The ECB president said that while crypto has no underlying assets to ‘act as an anchor of safety’, the digital euro will be guaranteed by Europe’s central bank.
Europe’s central bank chief Christine Lagarde has dismissed crypto assets as “worth nothing” and advised against investing in them without being prepared to lose money, contrasting them with the digital euro in the works.
As president of the European Central Bank (ECB), Lagarde is responsible for the financial health of the monetary system in the EU.
In July last year, she said the bank had decided to “move up a gear” and commence an investigation phase into a digital version of the euro. A bill to introduce a digital euro could be tabled in the EU early next year, European finance commissioner Mairead McGuinness said in February.
Lagarde’s comments on crypto assets were shared on Dutch television show College Tour yesterday (22 May), where she was addressing an audience of mostly students.
“I’ve said all along that crypto assets are highly speculative, very risky assets. If you want to invest there, it’s your choice,” she said in response to a question about investing as a young person.
“But what I’m really concerned about when it comes to crypto assets is that those investments be made by people who have their eyes wide open about the fact that they can lose it all.”
Lagarde added that crypto should be regulated because people who think the assets will be rewarding have the potential to “lose it all” and be “terribly disappointed”.
“My very humble assessment is that it is worth nothing, it’s based on nothing, there is no underlying assets to act as an anchor of safety. The day when we have the central bank digital currency out, any digital euro – I will guarantee.

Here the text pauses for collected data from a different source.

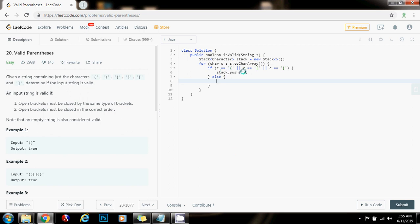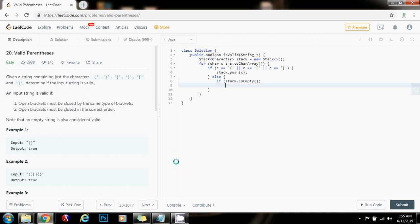Else, if it is not an opening symbol, then it has to be a closing symbol. So I want to make sure that if I see a closing symbol, I have an opening symbol to compare with. So if the stack is empty, that means I don't have an opening symbol to compare with, so this is not valid — if stack dot is empty, then I can immediately terminate by returning false. This is not a valid string.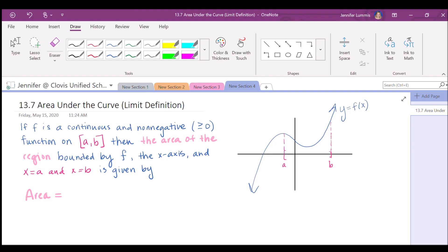Hello everyone. We're going to be working on 13.7 today, which is area under a curve — its exact area under a curve — and we're going to be doing this by using the limit definition, which is mostly what you were working on in Objective 6. So what we're doing here is just tying in Objective 6 to the idea that that represents area and how to come up with that equation by yourself.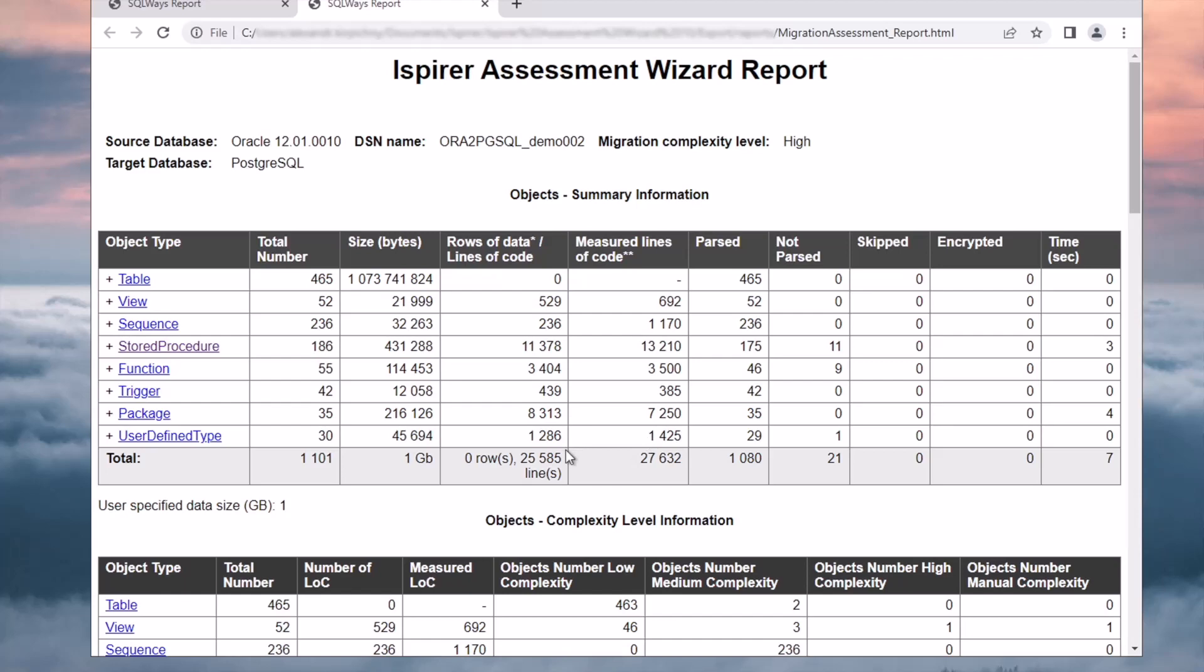The Ispirer Assessment Wizard report provides comprehensive data on the Oracle to PostgreSQL database migration project. This report helps Ispirer experts understand the complexity and scope of the migration process. The summary information section gives us an overview of the objects in the source database. We can see quantitative data such as the number of objects and statements that are used in each object type.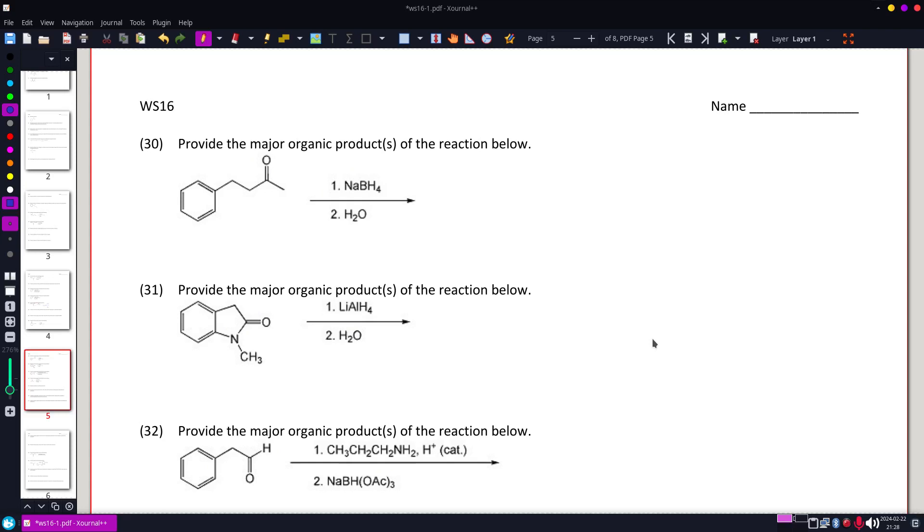All right, question 30. Provide the major organic product to the reaction below, and I have here a ketone,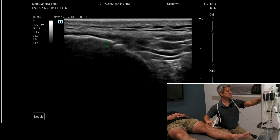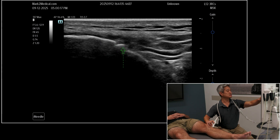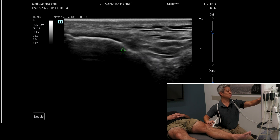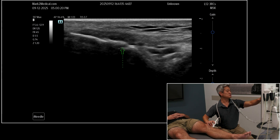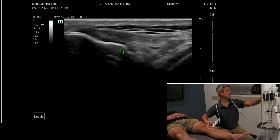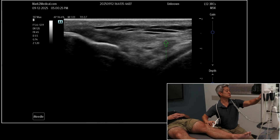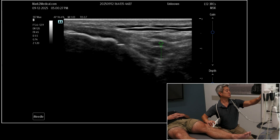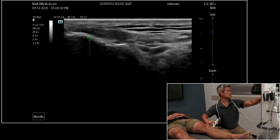Now where this attaches is actually on the medial aspect of Gerdy's tubercle. So if I continue to go laterally, then you're going to see the IT band — the iliotibial band — which is this thicker structure right here. So this is the iliotibial band coming down on Gerdy's tubercle.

So, the central bank will be behind it.”
Last week, the ECB’s Dr Fabio Panetta told a Dublin conference that if current trends continue, “we could face a future in which cash loses its central role and its ability to provide an effective anchor as consumers turn to digital means of payment”.
“Confidence that €1 is €1, whatever form it takes, rests on our ability to convert, at par, private money – such as funds held in bank deposits or digital wallets – into public money, which is the safest form of money available,” he said, as reported by the Irish Times.